Shape Up (Appetite Model)

Set a context budget before starting, not an estimate after scoping. If work exceeds its appetite, reshape or kill it — the problem is the specification, not the agent's speed. "Cooldown" periods between execution cycles = the operator reviewing, grooming, and writing the next batch of prompts.

Kanban (WIP Limits + Pull Flow)

WIP limits are physically enforced by agent architecture (one prompt in-progress per agent, one context window per session). Pull-based flow is natural: agents pull from the queue when ready. Lead time is the key metric.

Mission Command

Give agents clear intent and constraints; let them determine how to execute. A well-written prompt is a mission order. The accountability compact is the rules of engagement.

High-Reliability Organization Handoff Protocols

Medical SBAR (Situation, Background, Assessment, Recommendation) maps to prompt relay sections (Context, Task, Acceptance Criteria, Results). Research on structured handoffs in medicine, aviation, and nuclear operations shows that format consistency and degradation detection reduce errors. Agent context health tracking is the vitals check.

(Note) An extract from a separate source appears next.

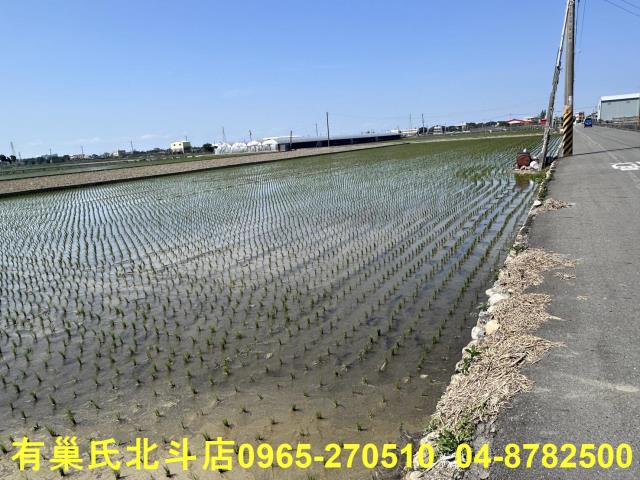 埔鹽農地-5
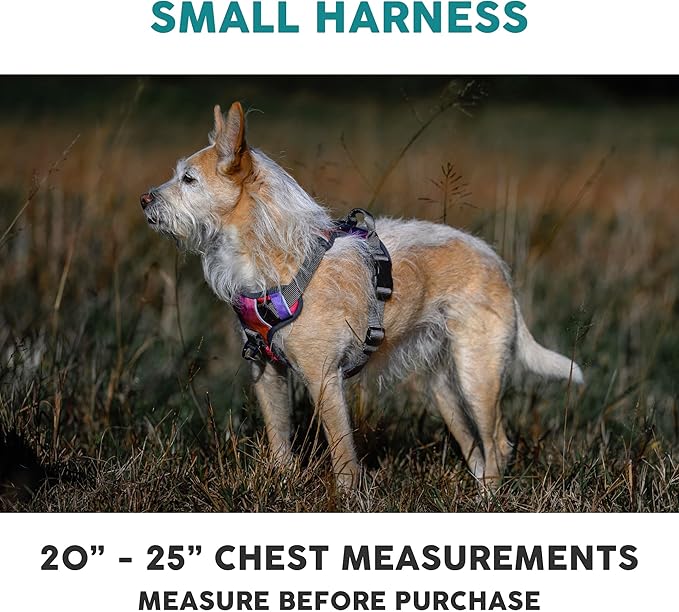 Embark Adventure Dog Harness, Reflective Trim No Pull Dog Harnesses for Small Sized Dogs - Military Grade Nylon, Front Clip with Gel Lined Handle. Soft & Padded Puppy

Metrics Unique to Agent PM

Context efficiency: output quality per unit of context consumed
Prompt specification quality: acceptance criteria count, context file coverage → correlated with output verdict
Handoff fidelity: does the receiving session reconstruct context accurately? (measurable via rejection rate on handoff prompts)
Routing accuracy: did the right agent/model get the work? (routing_verdict aggregated over time)
Session density: useful output per session vs. overhead (pre-prompting %, context reconstruction time)

Implementation Path

Perplexity researches HRO handoff protocols and PM model adaptation for agent teams (PR-0137)
Cursor builds the agent operations center as /internal/* routes in the existing Next.js site (PR-0138, depends on PR-0137)

Risks

Over-engineering the PM layer before the project needs it. The current prompt relay + telemetry harvester may be sufficient for months.
Abstracting too early: "sprints" and "epics" are only useful if the project has enough volume to make grouping valuable. With 4 agents and ~125 prompts, the overhead of formal sprint ceremonies may exceed the benefit.
The dashboard becoming the work instead of the work being the work.

Mitigation: build the operations center incrementally. Start with read-only views (health, flow metrics, prompt browser). Add management actions (claim/complete from the UI) only when the CLI becomes friction.